George Butcher says students and sabbs need to start engaging more
Imperial College Union is vast. It has 344 different societies, and every year they collectively turn over £2 million. The entire Union turns over £7 million. There are 3000 different society committee positions and 40% of undergraduate students are a member of at least one club or society.
This is great for participation – but it ironically means there is a huge divide between the paid sabbatical ‘Officer Trustees’ at the top and the average society goer, I count four layers of management to the president: Member – Society President – Management Group Chair – Deputy President for Clubs, Societies & Projects – President ( – Council – Trustees). So many times I hear students talk about ‘the Union’ as if it’s this distant party-pooping fun police mafia, which gets its kicks out of charging entry to Metric, sending emails every other day, and banning any event involving alcohol.
In the latest high profile example, a club president actively lied to the sabbatical team about a police investigation, because they felt that was the best way to protect their members. Ironically, this was the worst possible thing to do because when the police come knocking – the president is the first person they go to. If stories don’t match up, clubs can get shut down.
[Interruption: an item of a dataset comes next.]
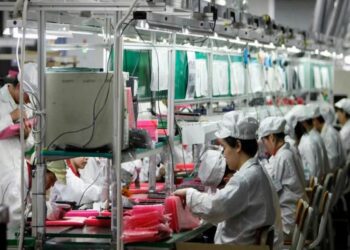 Việc làm công nhân tại Huế vô cùng phong phú và đa dạng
The union sabbaticals did the absolute best they could to protect those in the rugby club who recently did wrong and the club as a whole, withholding names from public documents and giving out severe enough sanctions to prevent further punishment from College, the Police or the Rugby Union Federation. These efforts were successful, but their success was threatened by the dishonesty internally about what had happened.
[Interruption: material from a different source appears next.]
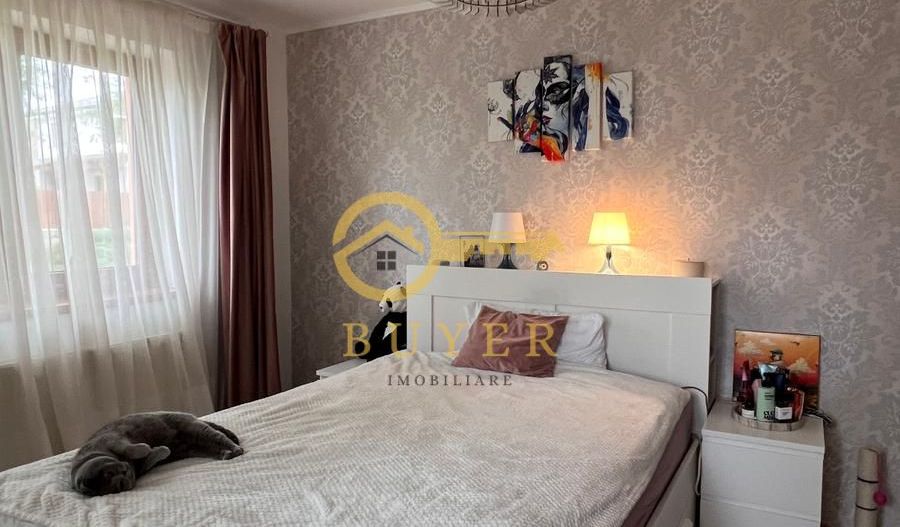 Apartament 3 camere Strand - Poză 9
This is ridiculous. We are shooting ourselves in the foot. It brings up issues of society president training, but we all have to work as a team. The sabbaticals need to connect with students, and be accessible. I don’t mean sitting on a desk in the JCR, glumly staring at the pie stand. I mean leaving the union building, crashing the odd Cheese Soc gathering; going to Harlington, being part of clubs and trying to be someone you’d actually want to talk to. Maybe each of the sports teams should adopt a sabb at the next ACC night? You can’t follow a leadership who don’t interact.
But it’s not just the sabbs who need to engage with us, it’s a two way process. Love your sabb. Next time you’re using the SAC printer for your coursework go and say hi. Tell Pascal your course rep doesn’t give a toss, or tell Alex your club president keeps complaining about not having enough money. Or just complain about Metric.
This is a union, but it’s sheer size means it’s becoming fragmented. It’s down to every member to prevent that happening and the leadership needs to lead it.